Railway station in Pennsylvania, United States

Walnut Hill station was a SEPTA Regional Rail station in Abington Township, Montgomery County, Pennsylvania. Located on Moredon Road, it served the Fox Chase/Newtown Line. SEPTA closed the station in 1983.

==History==
Walnut Hill, and all stations north of Fox Chase, was closed on January 18, 1983, due to failing diesel train equipment that SEPTA had no desire to repair.

In addition, a labor dispute began within the SEPTA organization when the transit operator inherited 1,700 displaced employees from Conrail. SEPTA insisted on utilizing transit operators from the Broad Street Subway to operate Fox Chase/Newtown diesel trains, while Conrail requested that railroad engineers run the service.
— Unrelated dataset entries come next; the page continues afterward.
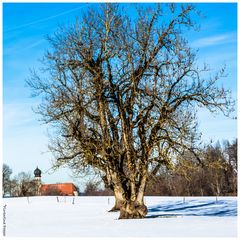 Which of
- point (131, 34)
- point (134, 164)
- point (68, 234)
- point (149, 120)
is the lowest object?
point (68, 234)

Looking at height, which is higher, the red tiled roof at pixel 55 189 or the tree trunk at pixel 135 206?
the tree trunk at pixel 135 206

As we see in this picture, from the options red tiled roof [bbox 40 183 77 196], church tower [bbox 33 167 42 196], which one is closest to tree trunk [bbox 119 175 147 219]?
church tower [bbox 33 167 42 196]

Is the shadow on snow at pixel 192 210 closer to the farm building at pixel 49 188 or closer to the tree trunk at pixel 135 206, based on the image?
the tree trunk at pixel 135 206

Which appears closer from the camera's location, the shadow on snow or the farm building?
the shadow on snow

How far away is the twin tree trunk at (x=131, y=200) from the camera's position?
2141 cm

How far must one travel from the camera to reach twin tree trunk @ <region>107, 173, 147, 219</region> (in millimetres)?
21408

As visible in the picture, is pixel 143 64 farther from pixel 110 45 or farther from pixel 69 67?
pixel 69 67

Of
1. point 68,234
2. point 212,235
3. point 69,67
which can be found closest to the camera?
point 212,235

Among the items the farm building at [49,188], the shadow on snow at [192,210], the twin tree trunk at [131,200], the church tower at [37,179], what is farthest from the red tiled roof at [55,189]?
the twin tree trunk at [131,200]

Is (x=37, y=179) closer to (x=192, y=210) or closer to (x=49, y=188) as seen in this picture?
(x=49, y=188)

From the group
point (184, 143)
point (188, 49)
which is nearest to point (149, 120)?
point (184, 143)

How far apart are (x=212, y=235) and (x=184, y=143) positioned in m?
7.50

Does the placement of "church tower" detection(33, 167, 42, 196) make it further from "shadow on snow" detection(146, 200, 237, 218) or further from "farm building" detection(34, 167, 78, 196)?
"shadow on snow" detection(146, 200, 237, 218)

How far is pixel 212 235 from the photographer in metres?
13.6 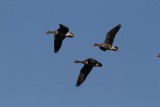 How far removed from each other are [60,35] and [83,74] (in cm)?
341

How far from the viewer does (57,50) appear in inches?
5153

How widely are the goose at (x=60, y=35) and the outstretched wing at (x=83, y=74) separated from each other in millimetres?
2624

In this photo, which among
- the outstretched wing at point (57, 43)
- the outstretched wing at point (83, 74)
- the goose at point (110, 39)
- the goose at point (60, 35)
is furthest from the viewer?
the outstretched wing at point (57, 43)

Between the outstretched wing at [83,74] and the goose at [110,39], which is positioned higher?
the goose at [110,39]

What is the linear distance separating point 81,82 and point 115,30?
462 cm

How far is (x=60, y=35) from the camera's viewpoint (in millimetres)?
129500

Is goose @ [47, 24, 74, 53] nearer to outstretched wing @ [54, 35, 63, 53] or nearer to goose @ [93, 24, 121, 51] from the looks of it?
outstretched wing @ [54, 35, 63, 53]

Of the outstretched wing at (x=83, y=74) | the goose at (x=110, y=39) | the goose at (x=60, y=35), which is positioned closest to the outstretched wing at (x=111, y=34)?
the goose at (x=110, y=39)

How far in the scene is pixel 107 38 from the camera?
128750 mm

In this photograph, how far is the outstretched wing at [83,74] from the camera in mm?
128875

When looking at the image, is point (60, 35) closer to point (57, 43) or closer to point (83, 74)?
point (57, 43)

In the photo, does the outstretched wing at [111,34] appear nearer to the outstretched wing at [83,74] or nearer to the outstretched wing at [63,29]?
the outstretched wing at [83,74]

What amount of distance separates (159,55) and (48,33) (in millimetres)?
8706

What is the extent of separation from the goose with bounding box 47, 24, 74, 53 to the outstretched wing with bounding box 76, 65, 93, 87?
8.61 ft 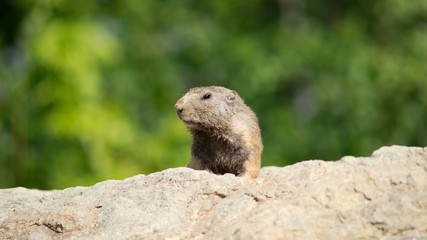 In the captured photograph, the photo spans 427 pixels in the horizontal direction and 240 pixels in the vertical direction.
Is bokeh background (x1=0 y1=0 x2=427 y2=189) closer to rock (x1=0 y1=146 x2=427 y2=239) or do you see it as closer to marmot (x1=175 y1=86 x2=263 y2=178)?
marmot (x1=175 y1=86 x2=263 y2=178)

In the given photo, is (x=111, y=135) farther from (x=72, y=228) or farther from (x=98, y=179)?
(x=72, y=228)

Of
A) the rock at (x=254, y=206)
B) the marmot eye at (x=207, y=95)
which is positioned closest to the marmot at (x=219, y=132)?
the marmot eye at (x=207, y=95)

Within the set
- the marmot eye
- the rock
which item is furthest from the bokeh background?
the rock

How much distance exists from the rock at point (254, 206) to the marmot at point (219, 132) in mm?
1829

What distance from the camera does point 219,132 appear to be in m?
10.4

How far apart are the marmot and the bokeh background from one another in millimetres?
6780

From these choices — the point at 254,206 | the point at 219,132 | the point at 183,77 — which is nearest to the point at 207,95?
the point at 219,132

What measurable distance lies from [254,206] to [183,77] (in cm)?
1906

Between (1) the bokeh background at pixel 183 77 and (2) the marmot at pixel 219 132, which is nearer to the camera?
(2) the marmot at pixel 219 132

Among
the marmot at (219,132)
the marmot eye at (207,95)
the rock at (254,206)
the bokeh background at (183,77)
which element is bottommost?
the rock at (254,206)

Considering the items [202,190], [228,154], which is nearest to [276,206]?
[202,190]

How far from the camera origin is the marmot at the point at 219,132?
10.2 m

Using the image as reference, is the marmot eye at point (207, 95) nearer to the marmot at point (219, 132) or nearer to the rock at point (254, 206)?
the marmot at point (219, 132)

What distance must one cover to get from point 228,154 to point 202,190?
2.21 meters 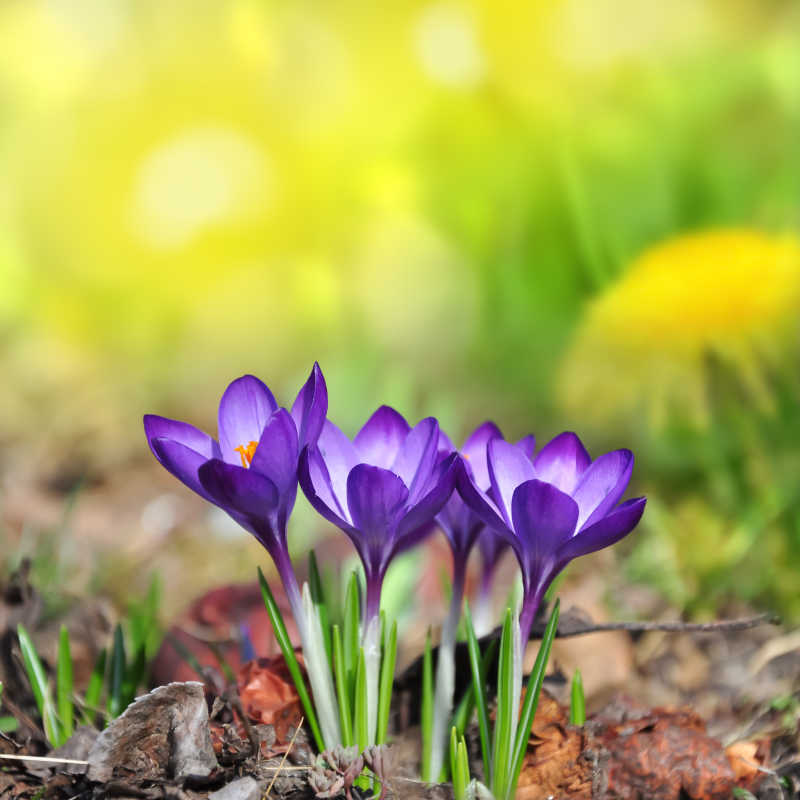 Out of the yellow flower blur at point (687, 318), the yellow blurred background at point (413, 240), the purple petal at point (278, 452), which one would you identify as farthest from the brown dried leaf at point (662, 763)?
the yellow flower blur at point (687, 318)

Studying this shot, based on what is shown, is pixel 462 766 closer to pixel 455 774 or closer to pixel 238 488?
pixel 455 774

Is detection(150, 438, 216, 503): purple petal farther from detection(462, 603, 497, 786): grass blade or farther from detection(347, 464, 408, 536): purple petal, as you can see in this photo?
detection(462, 603, 497, 786): grass blade

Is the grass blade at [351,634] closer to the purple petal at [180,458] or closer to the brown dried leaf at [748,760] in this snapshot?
the purple petal at [180,458]

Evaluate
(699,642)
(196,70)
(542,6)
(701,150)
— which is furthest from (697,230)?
(196,70)

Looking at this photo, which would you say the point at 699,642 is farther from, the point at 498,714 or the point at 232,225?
the point at 232,225

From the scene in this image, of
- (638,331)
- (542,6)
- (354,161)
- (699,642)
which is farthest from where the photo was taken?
(354,161)

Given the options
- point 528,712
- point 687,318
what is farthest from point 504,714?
point 687,318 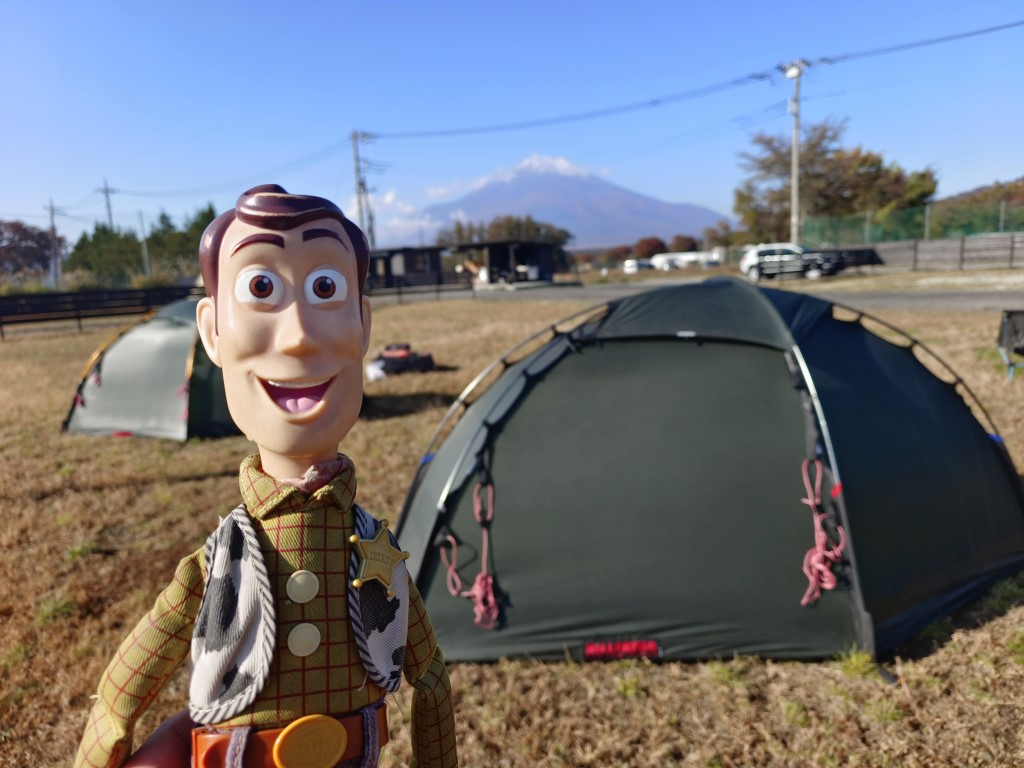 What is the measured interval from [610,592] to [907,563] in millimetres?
1367

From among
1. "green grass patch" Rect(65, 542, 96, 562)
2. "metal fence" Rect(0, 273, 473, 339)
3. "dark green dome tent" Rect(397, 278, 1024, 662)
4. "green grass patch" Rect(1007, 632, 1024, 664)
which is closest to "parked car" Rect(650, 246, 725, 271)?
"metal fence" Rect(0, 273, 473, 339)

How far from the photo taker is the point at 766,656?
9.75ft

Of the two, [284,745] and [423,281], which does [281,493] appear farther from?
[423,281]

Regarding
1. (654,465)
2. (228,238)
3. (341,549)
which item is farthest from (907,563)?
(228,238)

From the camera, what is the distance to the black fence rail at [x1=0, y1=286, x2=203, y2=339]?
1855 centimetres

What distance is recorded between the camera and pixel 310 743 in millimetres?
1234

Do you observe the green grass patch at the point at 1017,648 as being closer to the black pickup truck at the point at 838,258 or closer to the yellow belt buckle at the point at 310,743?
the yellow belt buckle at the point at 310,743

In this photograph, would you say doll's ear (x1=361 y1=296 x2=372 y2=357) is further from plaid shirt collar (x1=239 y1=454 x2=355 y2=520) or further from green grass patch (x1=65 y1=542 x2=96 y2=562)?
green grass patch (x1=65 y1=542 x2=96 y2=562)

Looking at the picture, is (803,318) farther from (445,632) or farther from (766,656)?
(445,632)

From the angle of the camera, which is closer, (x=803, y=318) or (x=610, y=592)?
(x=610, y=592)

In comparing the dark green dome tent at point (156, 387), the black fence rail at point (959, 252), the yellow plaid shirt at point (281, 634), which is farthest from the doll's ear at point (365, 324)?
the black fence rail at point (959, 252)

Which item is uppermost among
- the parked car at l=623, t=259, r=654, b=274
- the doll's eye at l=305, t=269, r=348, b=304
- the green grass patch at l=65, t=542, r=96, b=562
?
the parked car at l=623, t=259, r=654, b=274

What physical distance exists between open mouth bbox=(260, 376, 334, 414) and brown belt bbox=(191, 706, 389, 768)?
1.88ft

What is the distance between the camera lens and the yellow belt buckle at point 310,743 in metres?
1.22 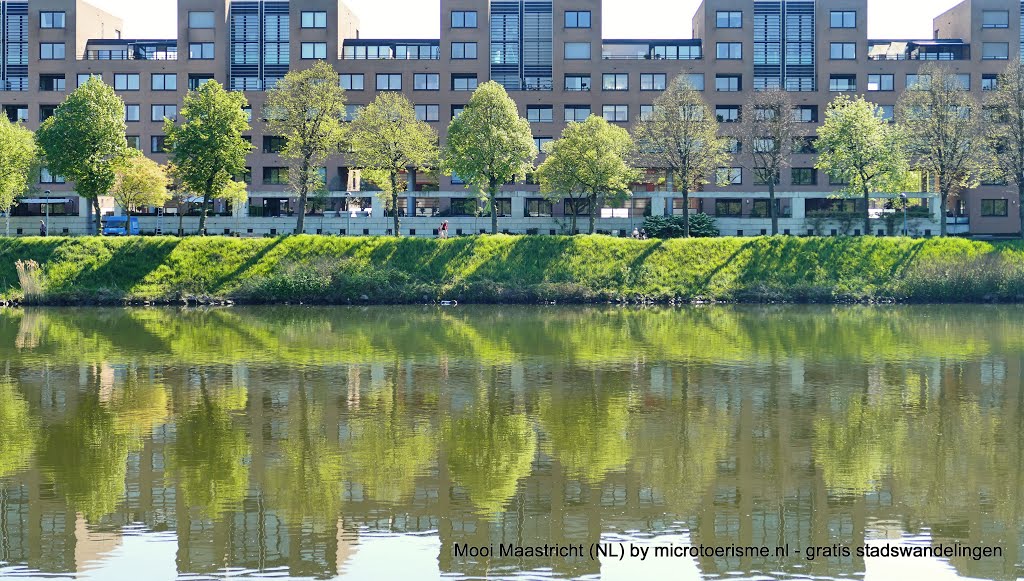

When a federal court ruled that SEPTA had to use Conrail employees in order to offer job assurance, SEPTA canceled Fox Chase-Newtown trains. Service in the diesel-only territory north of Fox Chase was cancelled at that time, and Walnut Hill station still appears in publicly posted tariffs.

Although rail service was initially replaced with a Fox Chase-Newtown shuttle bus, patronage remained light, and the Fox Chase-Newtown shuttle bus service ended on November 30, 1998.